If you feel yourself on the outside looking in, take heart. If you sense it will always be this way, that’s a lie. Even if you’ve already done the thing you want to do for the 10,000 hours Malcolm Gladwell recommends, do it some more. Kill the voice that says stopping is reasonable. The thing in life you believe you’re best at and love doing more than anything else is worth bleeding over. The head and heart and stomach aches, consider each one a blessing.
Yes, that paragraph, yes yes, that’s it. By God, it is. But it is hard to write, I should admit. It’s like someone is wrestling my fingers away and typing something else. And though I don’t know if it’s true, I have to say the message reads like relief. “Give up,” it says, how simple would it be?
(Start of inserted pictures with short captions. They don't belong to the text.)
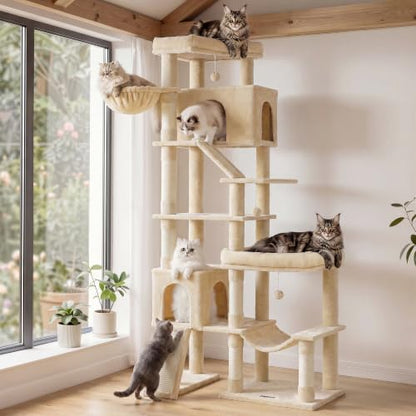 Feandrea Large Cat Tree, 79.5" Tall Sturdy Cat Tower by FeandreabySONGMICSHOME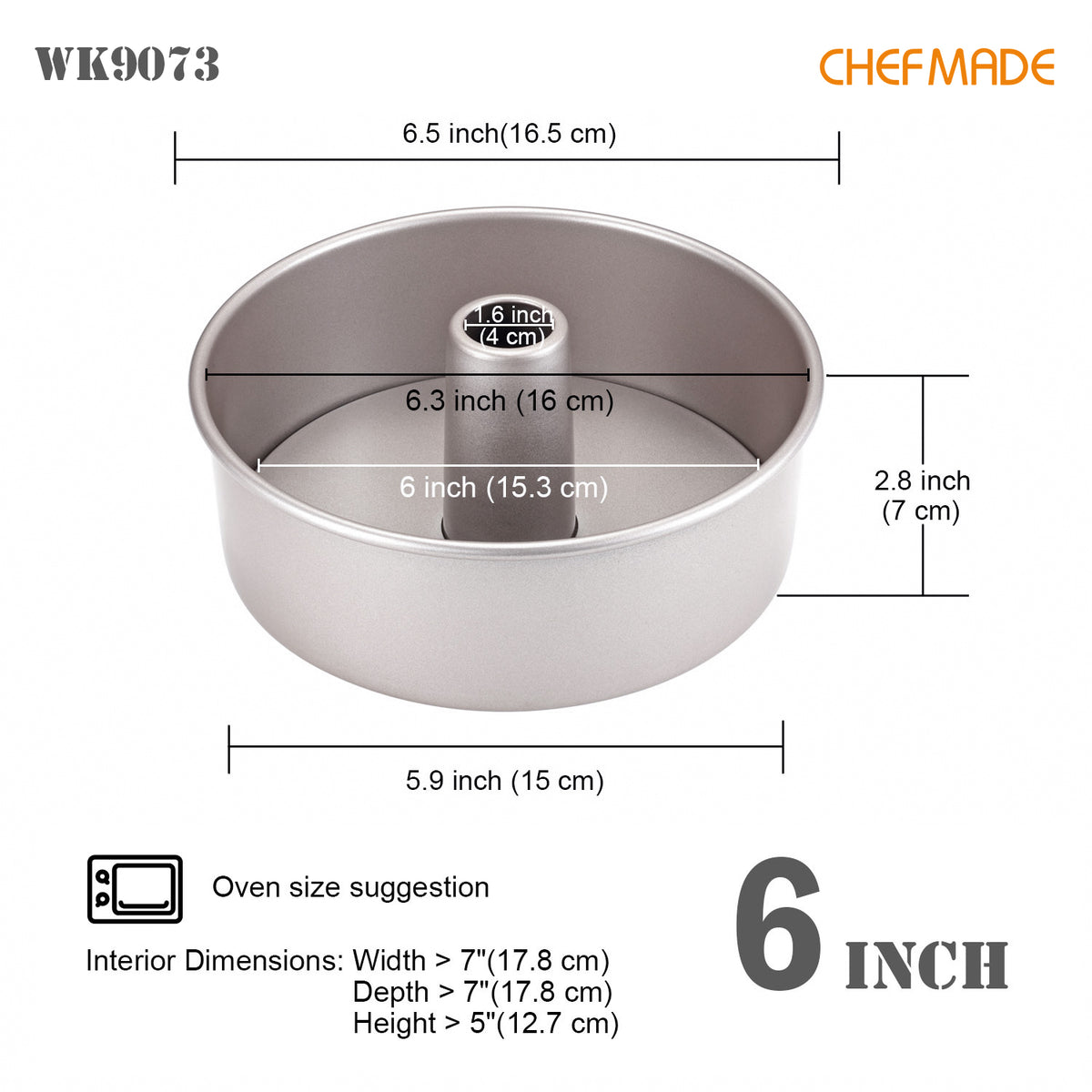 6" Angel Food Pan with Removable Bottom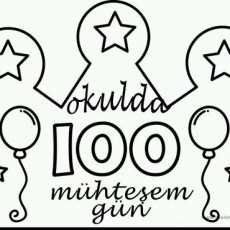 Okulda 100. Müthiş Gün Partisi Kutlama Kartı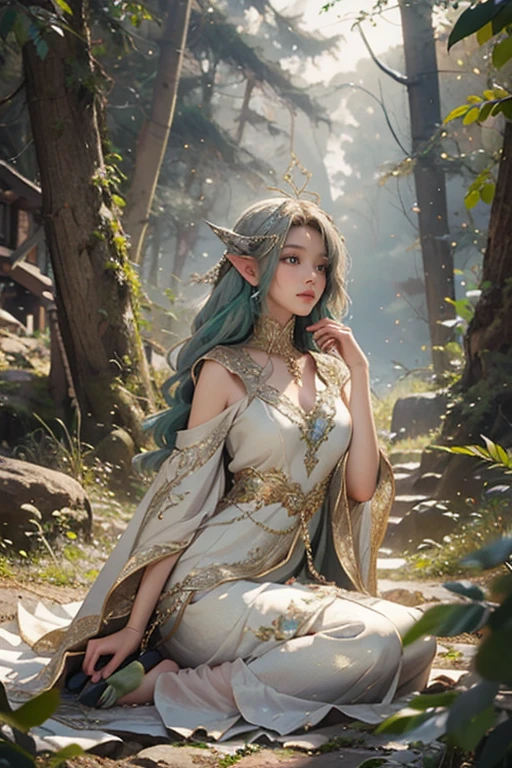 a girl, an elf, emerald hair with white strands, golden eyes, a sparkling silver dress made of petals, barefoot, sitting among the trees, with her arm raised, on which a golden bird is sitting, dragonflies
But then I remember my Bible. Where in Deuteronomy 4:29 it says if you seek God with your entire heart and soul you will find Him. Even Marnie Stern said, in a recent ad for Levi’s, “I really believe that if you work hard enough and long enough, something good comes out of it.” In short, if you pursue your life’s dream with your entire self, eventually – ostensibly before you die – you’ll reach it.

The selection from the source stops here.